One advantage Pagans have is that some of the traditions of this time of year are rooted in Pagan traditions from other areas of Europe. Feasting during the midwinter is one aspect that has an ancient history. The details have varied as tastes and availability of foodstuffs has changed but the central theme of gathering in larger groups and feasting still remains. Where there is a feast in ancient time there would often be a fire and there are many variants of Yule log traditions, not something we do as much now that central heating has replaced so many open fires. While the very name Yule log suggests Scandinavian origins to this tradition there would have been other important fires during this time in ancient Britain if only to cook all the food for the feasting. In Scotland the importance of fire has remained in New Year traditions such as that of carrying a lit ‘Clavie’ or large fire pot around Burghead on the Moray Firth and the fireball procession at Stonehaven. In Burghead it is likely the tradition was transplanted from elsewhere in the region as the town itself isn’t ancient. The Stonehaven tradition again is relatively recent being developed in Victorian times but again it may have roots in older traditions. Whether these traditions are truly ancient or relatively young they speak deeply to us of the importance of light and heat in these cold and dark times.

Decorating the home with evergreens is another ancient tradition, holly, ivy and mistletoe being particularly popular choices in Britain, again the plants used have varied a little over time depending on availability and location. Then there is the Christmas Tree. Decorated trees of some sort have been used in various countries at this time of year for centuries but the Christmas tree as we now know it seems to be medieval in origin and brought to this country in Victorian times by Prince Albert from Germany. Now we make choices between live trees and artificial ones of different sizes, there are ethical pros and cons with both options and in the end we all choose what we feel is best for our homes and families. And then there’s that wonderful tradition of giving gifts and the mysteries of Santa Claus, Saint Nikolas or Father Christmas!

My own wider family is a mixed faith family but my husband and myself are both Pagan.  My son has never been very interested in religion but we have talked many times over the years about various faiths, he has never been keen on all the Christmas hype. My daughter has been interested in Paganism for a few years and more recently stated that they are polytheist with a particular interest in the Heathen path at the moment but she adores all the colour and excitement of Christmas. We have a number of health issues in the family too, both physical and mental. So like many families we need to compromise with our winter festivities. In the wider family we celebrate the winter solstice and Christmas.

The first family activity for this season is decorating the house. I won’t even consider doing this until December and usually we are well into December before the decorations are brought down from the loft. My son is not at all interested in this side of festivities but my daughter adores it. She always helps with the tree decorating and in helping to decide placement for some of our other decorations. She has some decorations for her bedroom too where by son’s room is a decoration free zone. The decorations are usually all in place by Eponalia.

For me personally Eponalia, as mentioned previously, is of particular importance as a time of quiet reflection and prayer before the more hectic family activities begin. By Eponalia in past years I’ve usually been to two school fairs, at least one school performance of some kind and had to begin to plan what else will be happening and when for the rest of the festive season so I’m usually feeling a bit stressed by mid December. This year has been a bit quieter but I’ve also started working again so that has reduced the time and energy I have for planning and organising.

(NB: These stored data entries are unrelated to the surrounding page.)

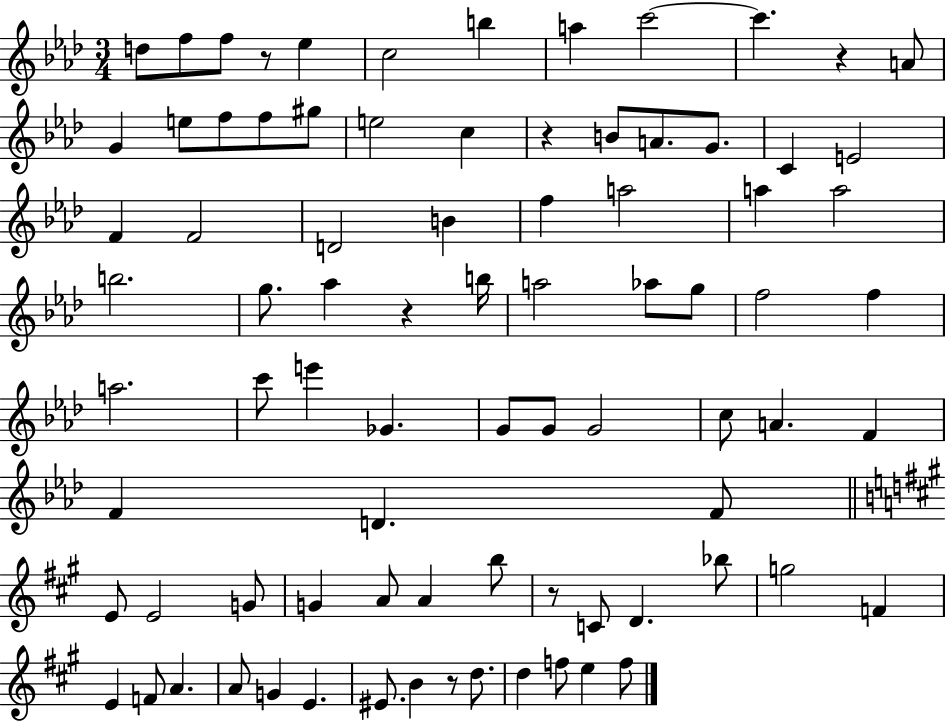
{
  \clef treble
  \numericTimeSignature
  \time 3/4
  \key aes \major
  \repeat volta 2 { d''8 f''8 f''8 r8 ees''4 | c''2 b''4 | a''4 c'''2~~ | c'''4. r4 a'8 | \break g'4 e''8 f''8 f''8 gis''8 | e''2 c''4 | r4 b'8 a'8. g'8. | c'4 e'2 | \break f'4 f'2 | d'2 b'4 | f''4 a''2 | a''4 a''2 | \break b''2. | g''8. aes''4 r4 b''16 | a''2 aes''8 g''8 | f''2 f''4 | \break a''2. | c'''8 e'''4 ges'4. | g'8 g'8 g'2 | c''8 a'4. f'4 | \break f'4 d'4. f'8 | \bar "||" \break \key a \major e'8 e'2 g'8 | g'4 a'8 a'4 b''8 | r8 c'8 d'4. bes''8 | g''2 f'4 | \break e'4 f'8 a'4. | a'8 g'4 e'4. | eis'8. b'4 r8 d''8. | d''4 f''8 e''4 f''8 | \break } \bar "|."
}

Just three days after Eponalia is the winter solstice and in my home that is the central point of the winter festivities. In some years I join a local group of Pagans on the closest weekend before in celebrating the coming time of the winter solstice. Sometimes other commitments mean I’m not able to join them. Several years ago though I started a family tradition for the solstice itself and that is our winter solstice walk. The kids and I wrap up warmly and we go out on the evening of the solstice (or if the weather is really bad as soon after as we safely can) for a walk around the local streets. When he’s able to (depending on work) my husband joins us. My nephews and niece who live very close to us often join us on our walk. We admire the lights we see on, and in front of, houses as we walk round and we chat a little bit about the importance of hope and light in the darkness. When we return home after the walk we have hot drinks, hot chocolate for those that want it, and a seasonal snack. Once we are all settled with food and drink the kids get their Yule gifts from myself and my husband. Giving my kids a gift at solstice helps to emphasise the importance of the solstice to us and other pagan members of the family. It also has the benefit of helping to spread out gifts and accompanying excitement rather than getting everything on one day.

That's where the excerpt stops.